• [Exercise] Locate the line that contains "雅天立ins星星雪花适用iPhone16苹果菲林手机壳华为vivo小米oppo" in the data that follows. Copy it and every subsequent line to the end, exactly, excluding pictures.
(Extracted information Opens)
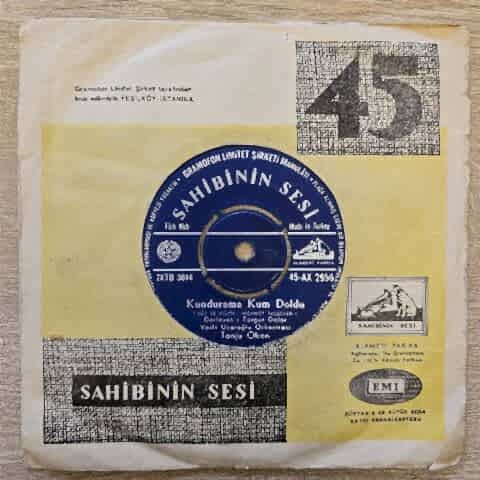 Tanju Okan – Kundurama Kum Doldu / Sta Sera Pago Io 45LİK PLAK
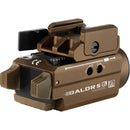 Olight Baldr S BL Rechargeable Weaponlight with Blue Laser (Desert Tan)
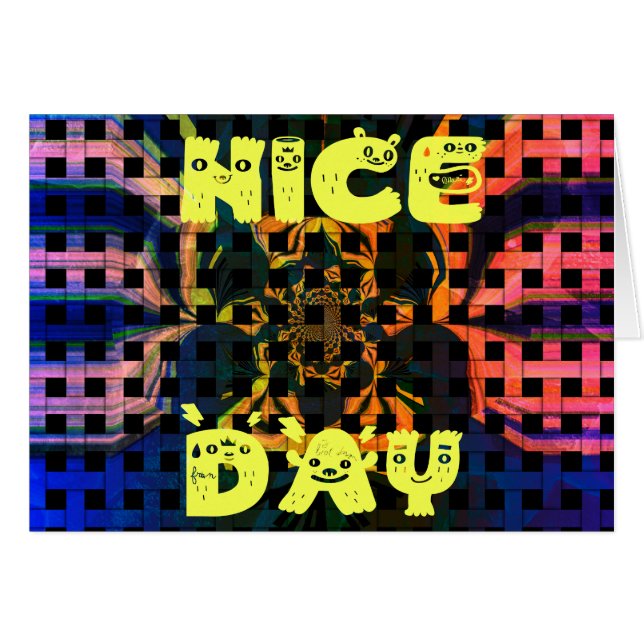 Wenskaart horizontale Sjabloon (Voorkant Horizontaal)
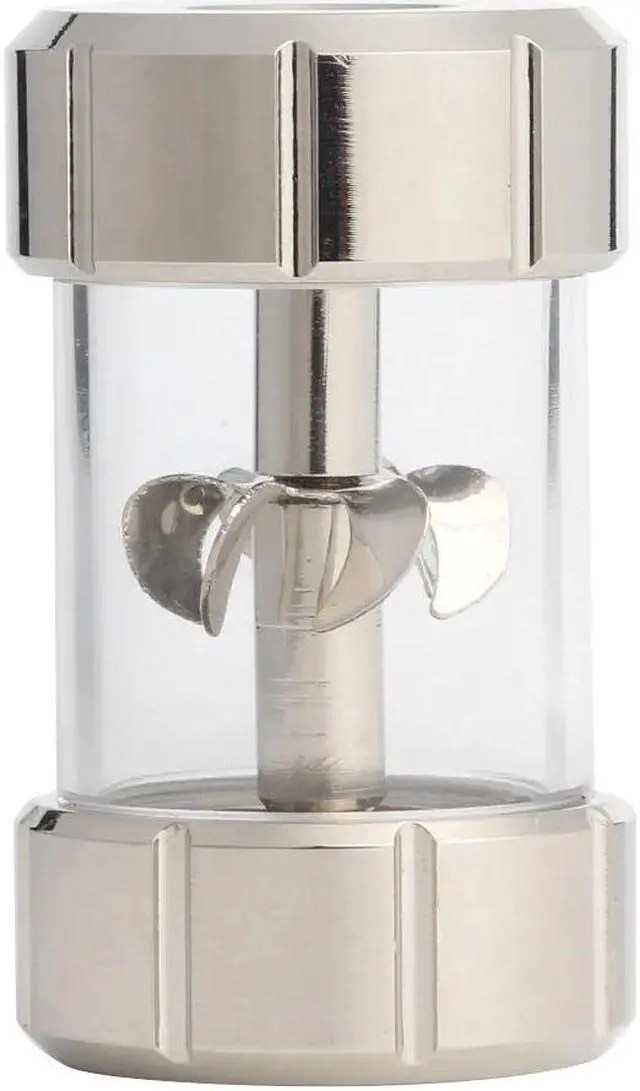 Alt view image 2 of 5 - Water Cooling Flow Meter Metal PC Cooler Radiator System Accessories for Household  Safety Parts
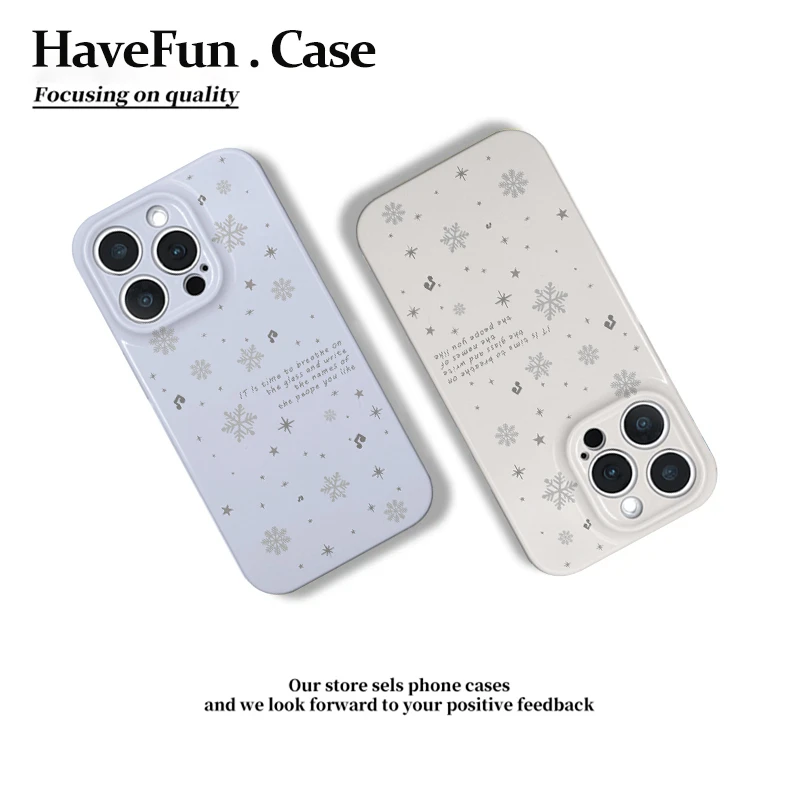 雅天立ins星星雪花适用iPhone16苹果菲林手机壳华为vivo小米oppo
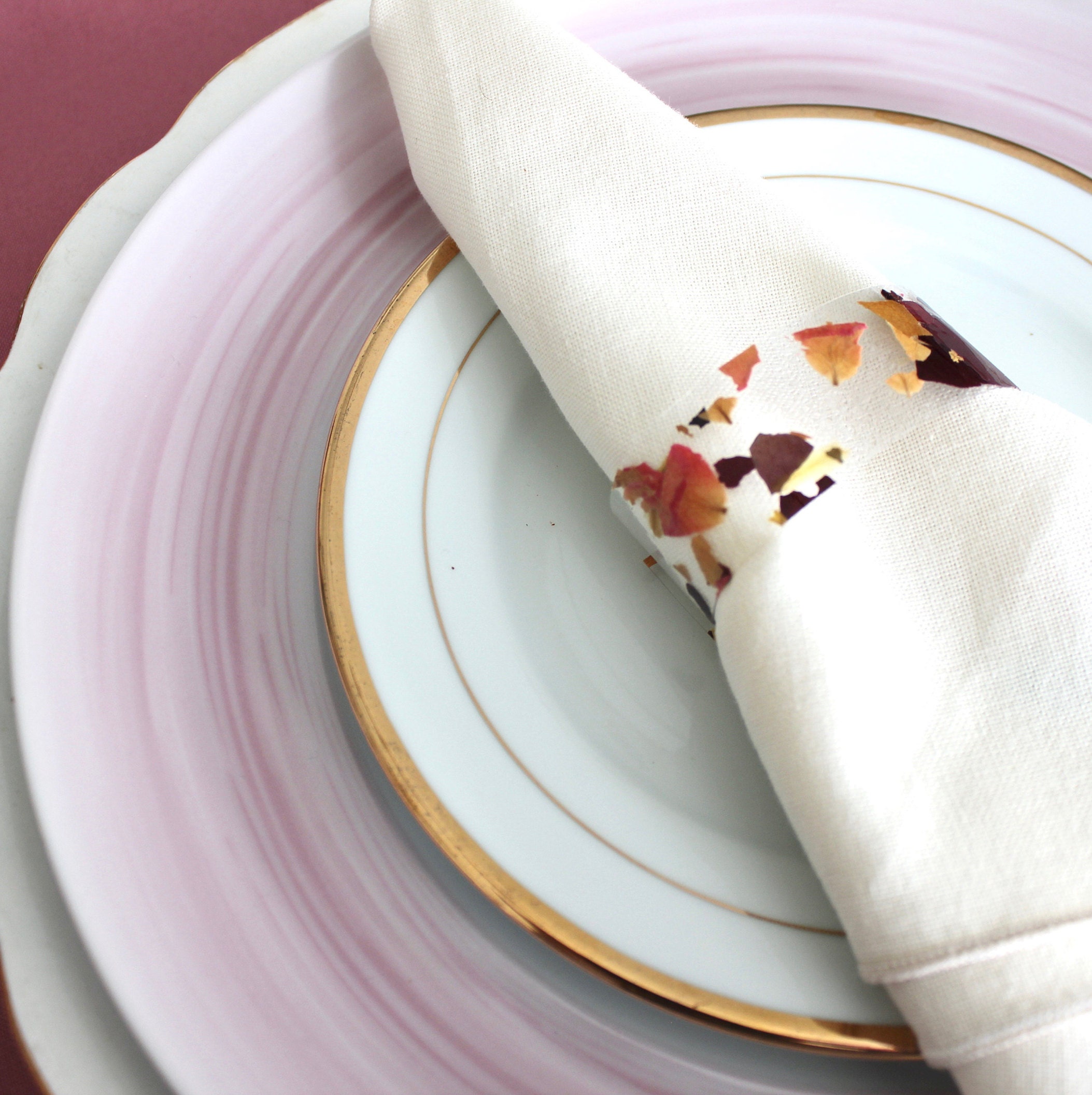 Dried Flower Gold foil Belly Band vellum wrap 5x7 wedding Etsy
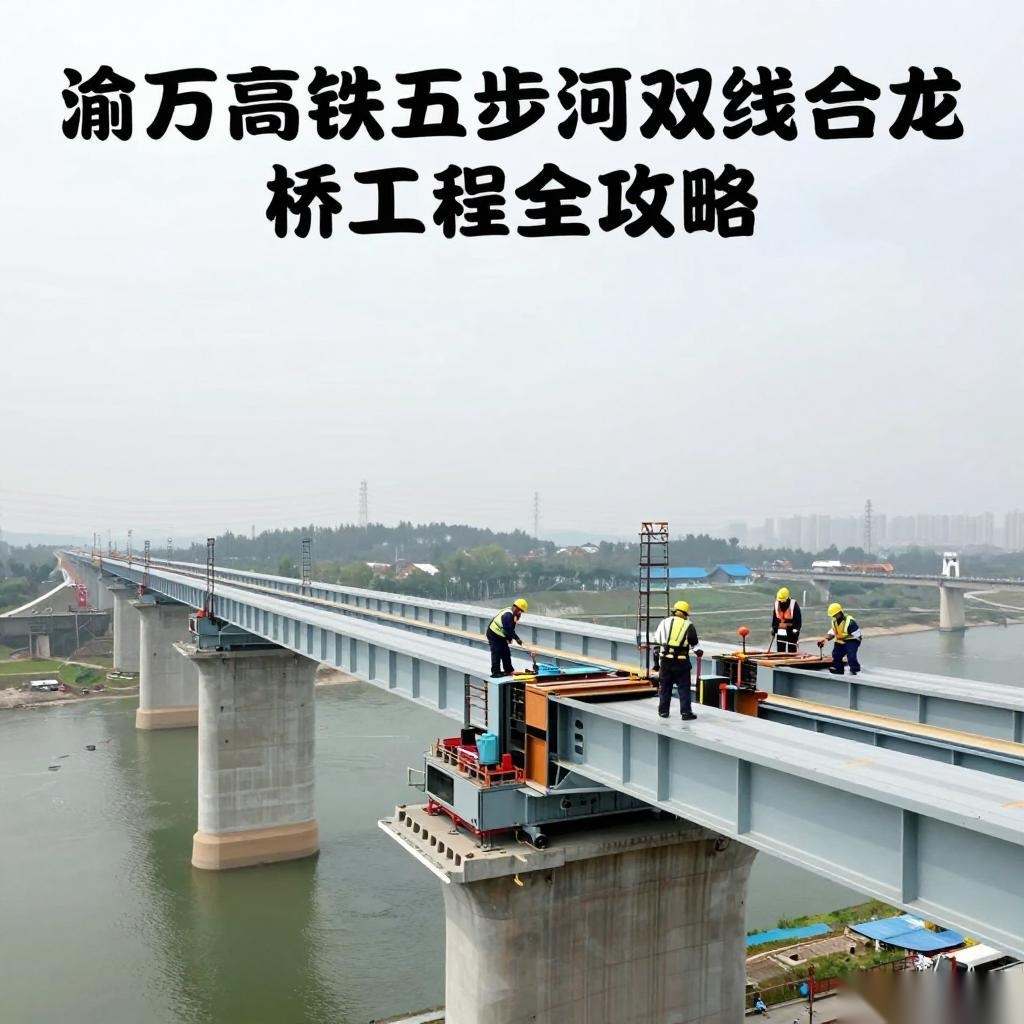 渝万高铁五步河双线特大桥合龙工程全攻略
(Extracted information Closes)
• [Response below]
 雅天立ins星星雪花适用iPhone16苹果菲林手机壳华为vivo小米oppo
 Dried Flower Gold foil Belly Band vellum wrap 5x7 wedding Etsy
 渝万高铁五步河双线特大桥合龙工程全攻略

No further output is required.